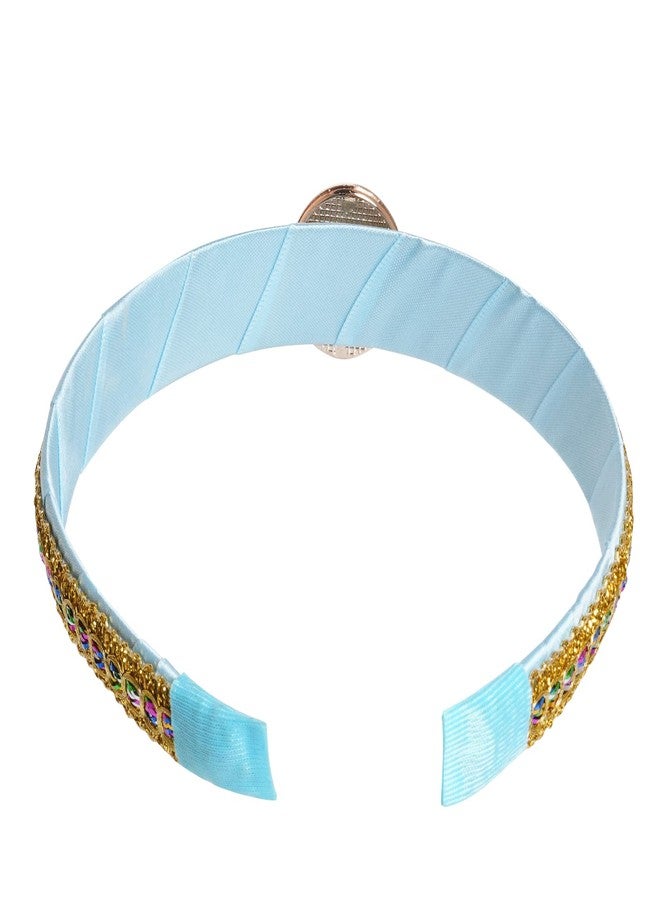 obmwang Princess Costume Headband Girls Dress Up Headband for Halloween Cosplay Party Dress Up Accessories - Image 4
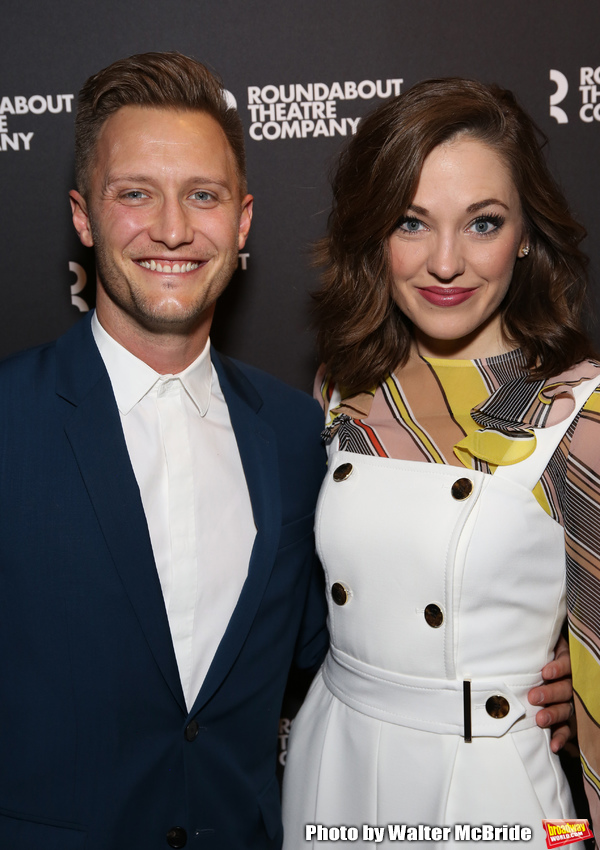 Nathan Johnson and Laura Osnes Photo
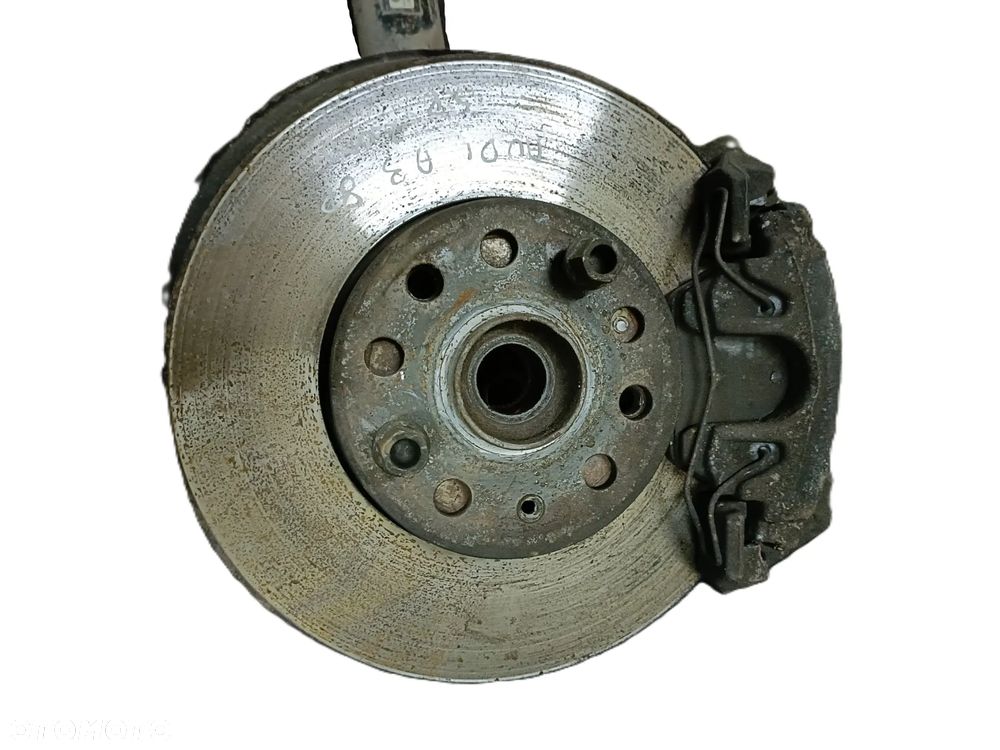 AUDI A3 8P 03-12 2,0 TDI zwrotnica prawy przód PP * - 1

(What the exercise asks)
Write out the whole listing exactly as it appears, and omit the pictures.

(Output below)
 obmwang Princess Costume Headband Girls Dress Up Headband for Halloween Cosplay Party Dress Up Accessories - Image 4
 Nathan Johnson and Laura Osnes Photo
 AUDI A3 8P 03-12 2,0 TDI zwrotnica prawy przód PP * - 1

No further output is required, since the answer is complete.